Action item: Within the listing below, please copy exactly the lines between the line holding "Cartera de caballero doble con logo de metal" and the line holding "Conjunto Decorativo Trio", inclusive.

Records for the exercise:
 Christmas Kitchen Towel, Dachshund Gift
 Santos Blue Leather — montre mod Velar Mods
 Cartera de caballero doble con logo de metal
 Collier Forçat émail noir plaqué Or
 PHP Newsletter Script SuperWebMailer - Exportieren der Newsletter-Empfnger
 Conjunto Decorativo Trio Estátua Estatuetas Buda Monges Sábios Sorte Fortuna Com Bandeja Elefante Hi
* * *
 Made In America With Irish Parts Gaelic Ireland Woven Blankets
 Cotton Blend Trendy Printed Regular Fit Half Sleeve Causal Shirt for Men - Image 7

Solution to this task:
 Cartera de caballero doble con logo de metal
 Collier Forçat émail noir plaqué Or
 PHP Newsletter Script SuperWebMailer - Exportieren der Newsletter-Empfnger
 Conjunto Decorativo Trio Estátua Estatuetas Buda Monges Sábios Sorte Fortuna Com Bandeja Elefante Hi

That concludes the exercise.